Describe la trayectoria de periodista y escritor de golpe: “Fui un magnífico atleta de la crónica roja, pero también un mediocre periodista incapaz de desaprender lo aprendido, un deportista de ideología muscular corriendo el maratón de la vida sin sentido ni dirección, repitiendo el destino anónimo de la prosa menor en papel de diario. La base de la dicha plena radica muchas veces en la inconsciencia, y yo era en aquella época un gozoso inconsciente que por las mañanas investigaba crímenes irresueltos del presente, por las tardes exhumaba casos sensacionales del pasado y por las noches escribía literatura popular. Y en algún momento relatos de ficción por entregas sobre la mafia del fútbol y sobre las bandas paramilitares, que escribía sin dormir y con el cuchillo en la garganta para entregar el capítulo de cada día antes de que los gráficos abrieran a las cinco de la madrugada el taller y empezaran con la séptima (…) Esa ética de la verdad pura, aprendida a los golpes, me sacó canas verdes, pero me convirtió en otra clase de periodista y de persona. Comprobé sobre el terreno que las cosas no son blancas ni negras, sino desconsiderablemente grises: grandes héroes cometen grandes canalladas, y grandes canallas consuman emocionantes actos heroicos. Redimensioné la objetividad y entendí que lo real tiene la mala costumbre de ser ambiguo”.

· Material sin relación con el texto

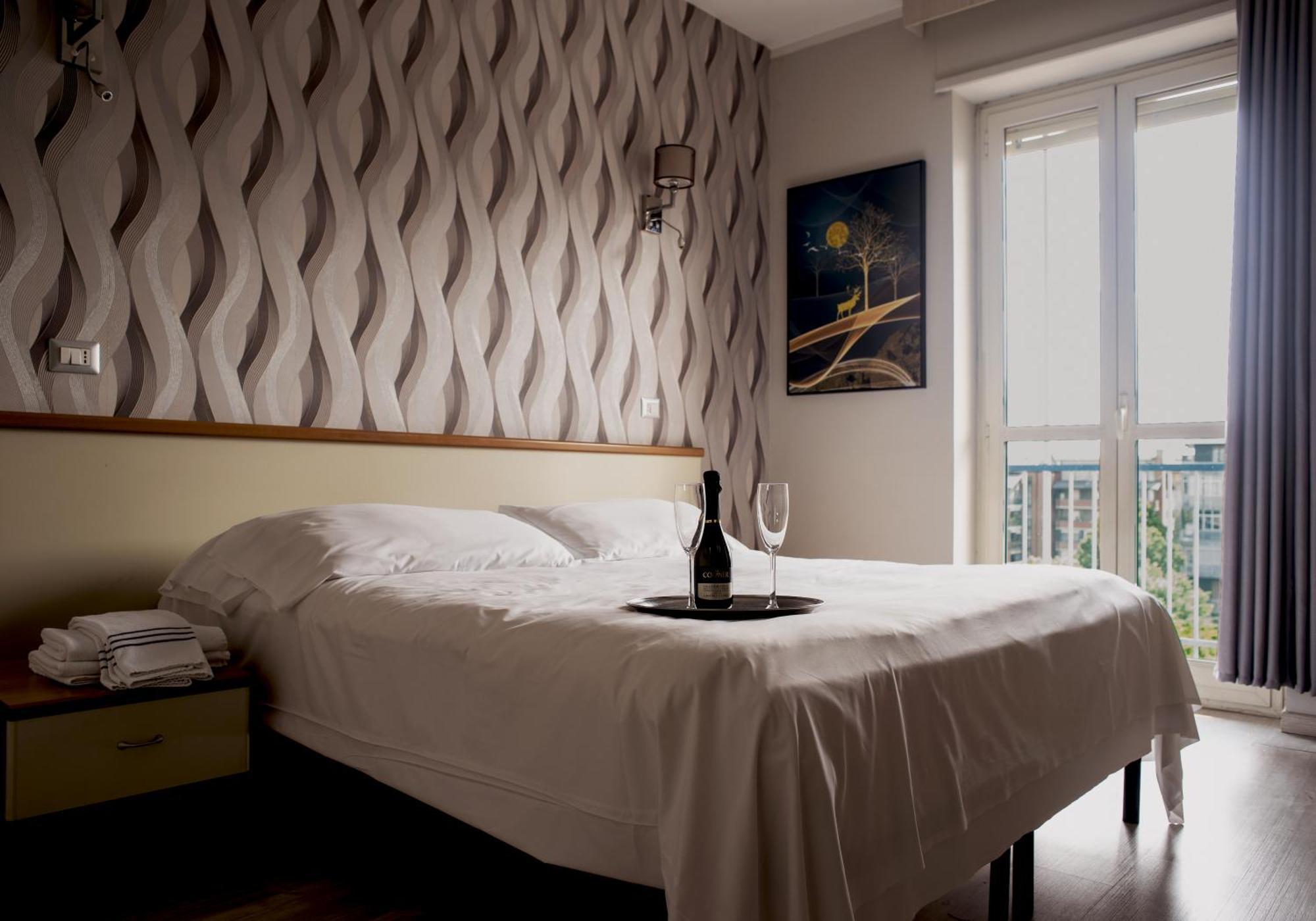 Hotel Frejus Collegno Eksteriør billede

Cierro el libro, con la sensación de un tiempo aprovechado, saboreando la estética de una magnífica narrativa. Y, entre las notas que fui tomando, descubro algunas de peso, con meollo reflexivo. Escribe Fernández, como quien no quiere la cosa: “A lo largo de la vida, la falsa imagen que ciertas personas proyectan de sí mismas es tan exacta y verosímil que terminan creyendo en ella. Nada de eso resultaba cierto ni creíble, todo era ensoñación juvenil, pero de esas utopías secretas nace a menudo el amor, y de esos débiles eslabones devienen fuertes cadenas. Los defectos provisorios de la vida son al principio una gelatina, luego una masa, después un cemento, al final una piedra. La vida trata precisamente de las cosas que podemos cambiar y de las cosas que debemos aceptar de nosotros mismos, y también de la prolija discriminación que debemos practicar entre lo significativo y lo insignificante”. Y un tributo a los emigrantes: “Volver a la patria de uno es dejar de ser un holograma y aceptar que somos personas nuevas de carne y hueso. Es reconstruir los vínculos desde la fotografía inofensiva de lo que fuimos y caminar despacio hacia la afilada y riesgosa verdad de lo que ahora somos. Es también reconocer que uno es, a la vez, el mismo de siempre y todo un extraño”. Con el tempero de humor que también fluye entre las líneas del libro, estampado en una frase que atribuye a la madre de Karl Marx, pero que podría ser de su propia madre: “Habría preferido que hubieras reunido un capital, en lugar de escribir sobre él”. Leído, anotado, y saboreado el libro de Mamá, ahora puedo seguir la recomendación familiar para entrar en el secreto de Marcial. Todo a su tiempo.